Przed rokiem Borussia Dortmund przeżywała trudne chwile związane z odejściem Ousmane'a Dembelego.
Francuski skrzydłowy po zaledwie roku gry w BVB, koniecznie chciał przenieść się do Barcelony, wymuszając na klubie zgodę na finalizację transferu.
Szef klubu, Hans-Joachim Watzke wypowiedział się na temat kwoty transferu i sposobu odejścia Dembelego.
? Dotychczas Barcelona zapłaciła 120 milionów euro i wciąż są zobowiązani do wypłaty kolejnych bonusów. Zapłaciliśmy za Ousmane'a 15 milionów euro, a Rennes zyskało swoją część na jego transferze do Barcelony.
? Następny zawodnik, który w ten sposób spróbuje opuścić klub, na długo zasiądzie na trybunach. Nie wierzę, że Barcelona w żaden sposób nie wspierała jego zachowania.
"Nie wierzę, że Barcelona w żaden sposób nie wspierała jego zachowania." mnie akurat takie postępowanie "więcej niż klubu" wcale by mnie to nie zdziwiło, gdyby miało to faktycznie miejsce bo to przecież w końcu "więcej niż klub" jak się sami określili i określają.

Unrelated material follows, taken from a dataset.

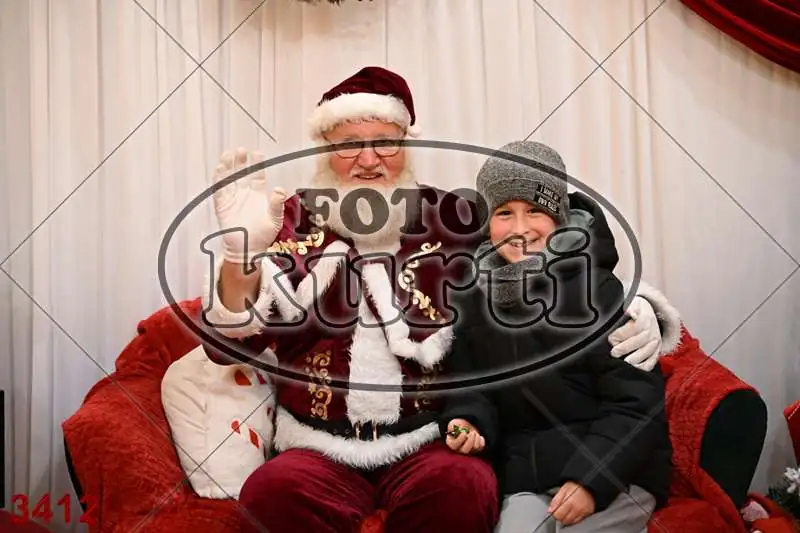 21.12. 17 30 DO 20 00 11 - FotoKurti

"Następny zawodnik, który w ten sposób spróbuje opuścić klub, na długo zasiądzie na trybunach. Nie wierzę, że Barcelona w żaden sposób nie wspierała jego zachowania."
WOW. Podoba mi się jego nowy image jako prezesa - brutala. Ciekawe co oznacza pojęcie "długo" w tej wypowiedzi. Czy Aubameyang na długo zasiadł na trybunach czy to jednak nie jest długo ?

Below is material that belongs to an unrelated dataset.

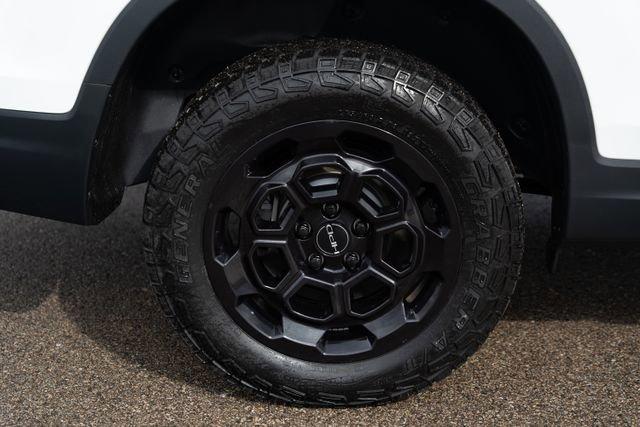 Photo of 2025 Platinum White Pearl Honda Ridgeline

Problemem nie jest radzenie sobie z gwiazdeczkami, problemem jest sprowadzanie ich do klubu. Kiedy w naszym zespole byla wiekszosc Niemcow, przynajmniej byli w stanie otwarcie powiedziec i zalatwic transfer honorowo. Ba, Lewy gral do samego konca na 100%.
Do kryteriow wyboru ostatnio mial dolaczyc odpowiedni charakter i mam nadzieje ze to bedzie decydujace, a nie slowa Watzke z tego artykulu.